L’opera scorre in modo piacevole e la tecnica scrittoria ha l’immediatezza dello stream of consciousness e la sinteticità abbozzata della pagina di diario. Sorprende la visione generale della malinconia enucleata da Haber, in controtendenza rispetto al senso comune: “I filosofi hanno etichettato la malinconia come una malattia, hanno dichiarato che è tristezza senza ragione, mentre io ero certo che fosse tristezza della ragione. Quando si è malinconici si vede la realtà con assoluta lucidità. I malinconici sono i beati di questo mondo, i veggenti e i visionari, e mentre Jacov parlava della sua malinconia diveniva meno malinconico, perché, per studiare questa emozione, mi rendevo conto, bisogna lasciarsela alle spalle, perché la malinconia prosciuga le forze, fiacca lo spirito, sgretola le attitudini, e una delle ironie più crudeli della malinconia è proprio la forza necessaria per studiarla”.

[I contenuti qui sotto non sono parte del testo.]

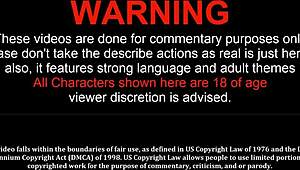 four elements trainer scene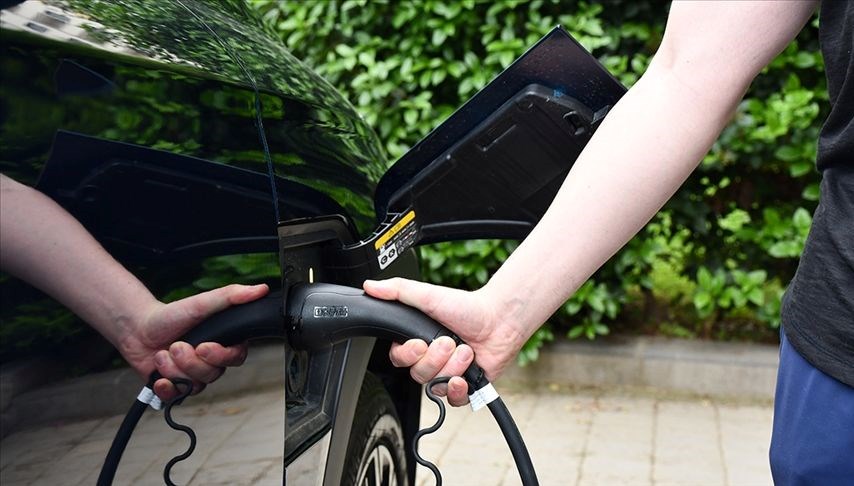 en az sevilen elektrikli araba markasi asik r oldu LLusMDSb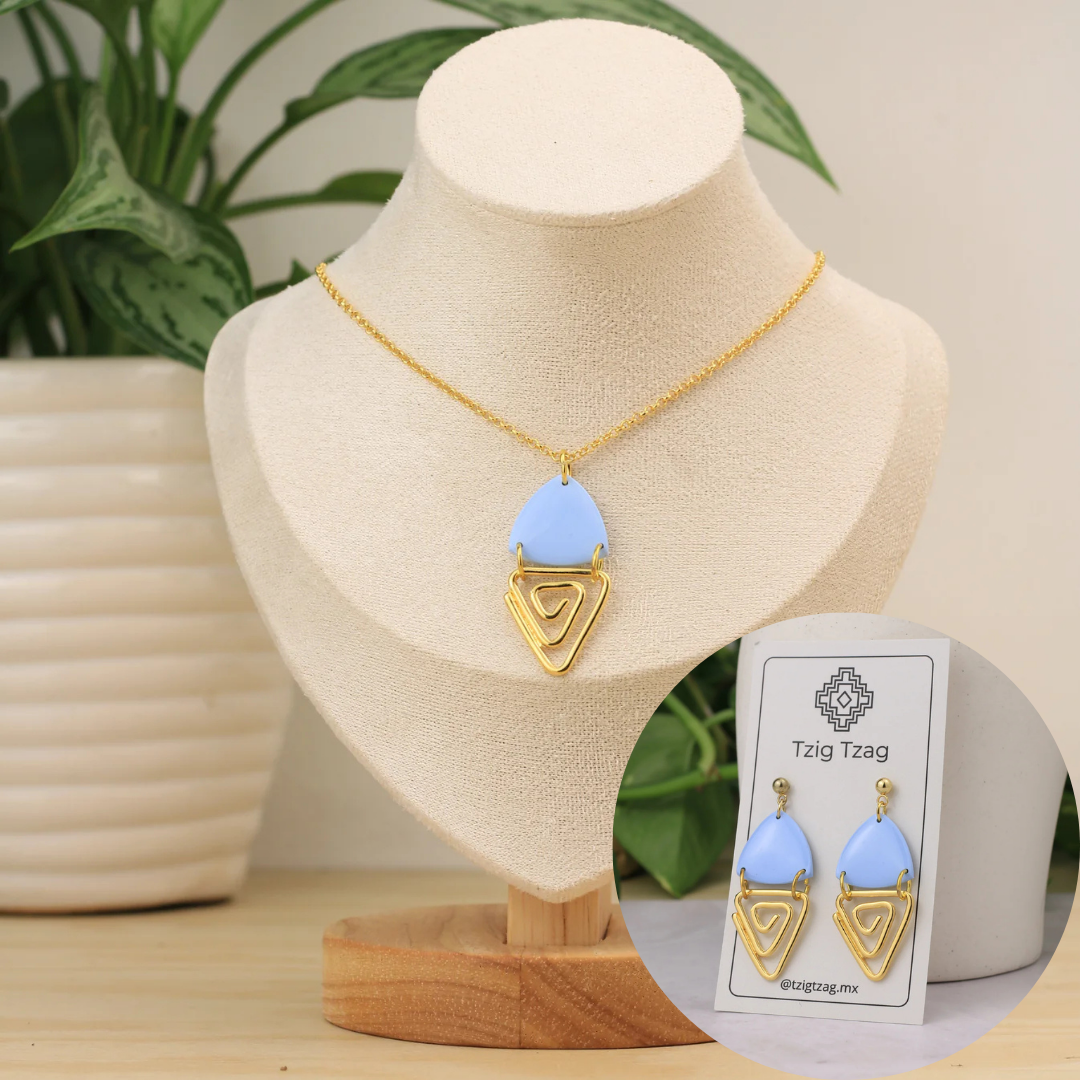 Collar Jano
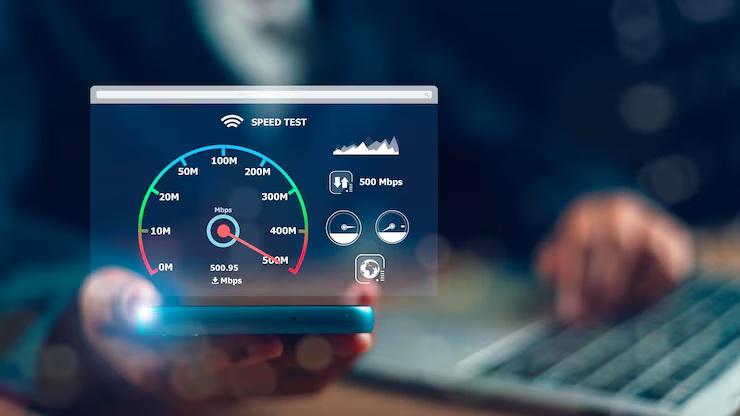 Website Speed Optimization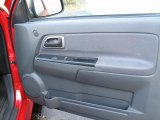 2005 Chevrolet Colorado Xtreme Crew Cab Door Panel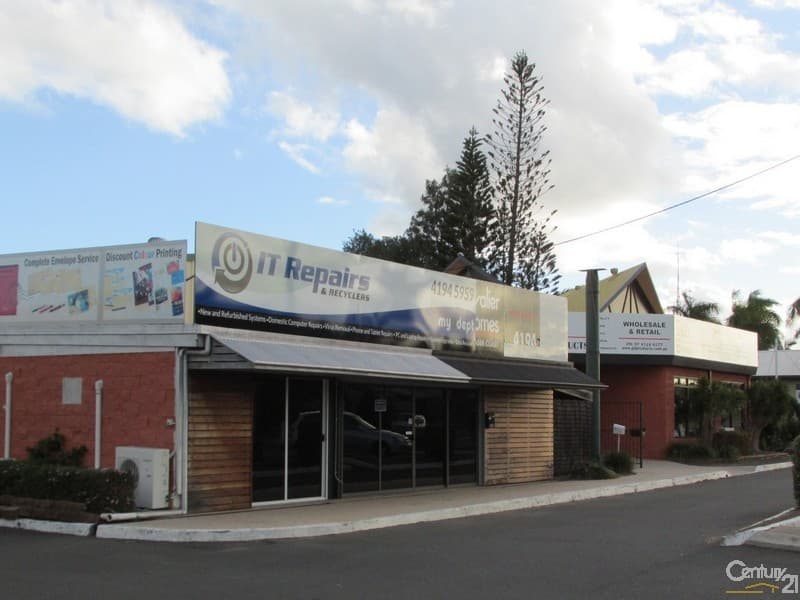 1/10 Liuzzi Street, PIALBA, Hervey Bay, QLD, 4655, Hervey Bay - Image 1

La malinconia, dunque, come forma di beatitudine. Perché? Perché è sorgente del “progresso umano”, un glorioso “regno enigmatico senza iscrizioni”, addirittura “un inno, una foglia che cade, un corso d’acqua ghiacciato nel cuore dell’inverno”. La malinconia assume così in controluce il volto del suo opposto, la felicità, perché è un continuo impulso a essa, un corroborante lavoro di tenacia che proviene dagli abissi insondabili della psiche e addita qualcosa d’altro, misterioso, enigmatico: la “malinconia dell’anima umana” è forse tensione alla “trascendenza di Dio”, nascosta nostalgia di essa. L’andamento talora trattatistico del Giardino di Reinhardt ci potrebbe far curiosamente pensare alle lunghe divagazioni presenti in Moby Dick. In ogni caso, la voce di Haber è davvero unica nella foltissima vegetazione della letteratura americana contemporanea: questo romanzo, punteggiato di citazioni da László Krasznahorkai e Saul Bellow, che tocca i limiti del colonialismo, dell’utopia e dell’arte, è scritto con l’ironia febbrile tipica della Mitteleuropa; un labirinto letterario sparigliato tra i continenti che prova abilmente a descrivere l’indescrivibile.